Question

What is the equation of the quadratic graph with a focus of (6, 0) and a directrix of y = −10 ?

Answer 1

(x-6)^2 + y^2 = (y +10)^2 (x-6)^2 = (y +10)^2 - y^2 = (y+10+y)(y+10-y) = (2y+10)(10) = 2(y+5)(10) = 20(y+5) 1/20*(x-6)^2 = y+5 y = 1/20*(x-6)^2 - 5

:)

Answer 2

Answer:

$(x-6)^{2}=20(y+5)^{2}$

Step-by-step explanation:

The standard for for the equation of a parabola is  $(x-h)^{2}=4p(y-k)$

The focus is given as  $(h, k+p)$

The directrix is given by $y=k-p$

• Comparing focus given as $(6,0)$  to formula of focus $(h,k+p)$ , we see that $h=6$ and $k+p=0$
• Comparing directrix given as $y=-10$  to formula of directrix $y=k-p$ , we can write $k-p=-10$

We can use the two system of equations [ $k+p=0$  and  $k-p=-10$ ] to solve for $k$  and  $p$.

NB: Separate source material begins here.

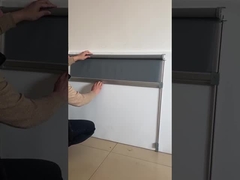 Kurtyna ognioodporna do okna lokomotywy kolejowej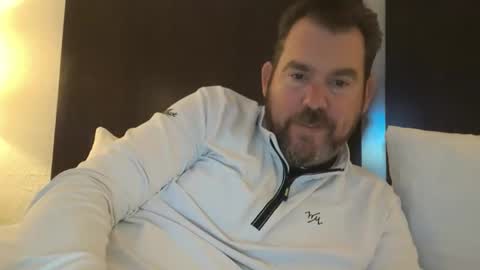 Snapshot of backofyourholes chatting on 05-07-26, 04:29 backofyourholes online show from 05-07-26, 04:29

Adding the two equations gives us:

$2k=-10\\k=\frac{-10}{2}\\k=-5$

Using this value of $k$ , we can find $p$  by plugging this value in either equation. Let's put it in Equation 1. We have:

$k-p=-10\\-5-p=-10\\-5+10=p\\p=5$

Now, that we know $h=6$  ,  $k=-5$  ,  and $p=5$  , we can plug these values in the standard form equation to figure out the parabola's equation. Doing so and rearranging gives us:

$(x-6)^{2}=4(5)(y-(-5))^{2}\\(x-6)^{2}=20(y+5)^{2}$

This is the equation of the parabola with focus $(6,0)$  and directrix  $y=-10$